The research has shown that single and two-qubit logic gates are possible with incredible 99.9% precision, which is the theoretical benchmark required to make a quantum computer possible.
Logic gate is one of crucial components inside every computer, and therefore most of digital systems.
Also, researchers from University of Maryland have designed the first programmable and reprogrammable quantum computer. This new research is expected to help the scientists to run multiple complex simulations and could create rapid resolutions to complex calculations in comparison to conventional computers.
Sources:
"Quantum computers just took a huge logical leap forward"
http://www.techradar.com/news/computing-components/quantum-computers-just-took-a-huge-logical-leap-forward-1326213
"First Reprogrammable Quantum Computer To Bring In New Age Of Technology"
http://www.techworm.net/2016/08/first-ever-reprogrammable-quantum-computer-built-researchers.html
Published Research:
http://journals.aps.org/prl/abstract/10.1103/PhysRevLett.117.060504
http://www.nature.com/nature/journal/v536/n7614/full/nature18648.html
-logic
That's great and exciting news, but it means we really have to start implementing some changes to bitcoin and other cryptocurrencies. As I explained here: https://steemit.com/steemit/@bergy/quantum-computing-and-cryptography-is-bitcoin-safe
Cool article. Thanks for link!
I think it wasn't that long ago that supposedly D-Wave built a working quantum computer. I think that the problem lies in people having programmed computers on x86 architecture forever.

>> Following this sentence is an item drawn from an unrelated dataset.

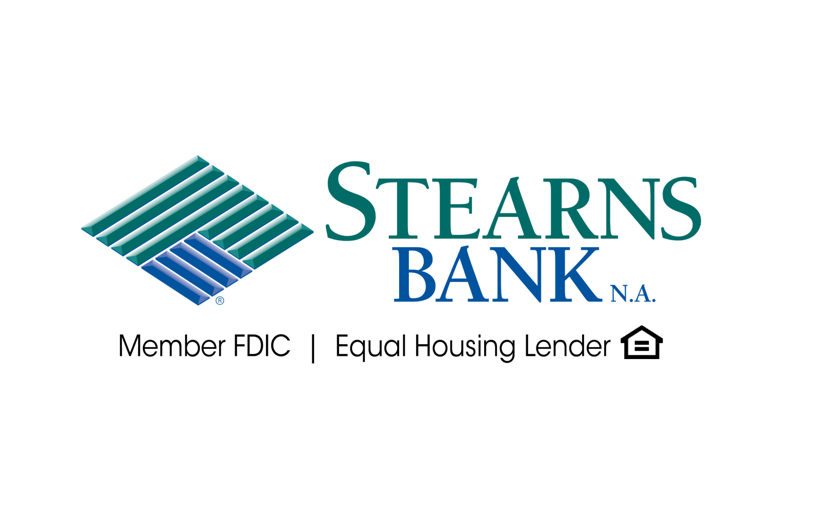 STEARNS BANK PINE CITY Request Information 600 Hillside Ave SW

Also, just because it has partial quantum behaviour doesn't really make it a true quantum computer, I have a feeling that this news is the same.
By the time anything of this significance hits the press, it would have already been working for quite some time, and yet we don't see any evidence of any cryptographic redundancies of the scale of RSA, SHA etc.
But have D-Wave or Google/Nasa prototyps achieved the above?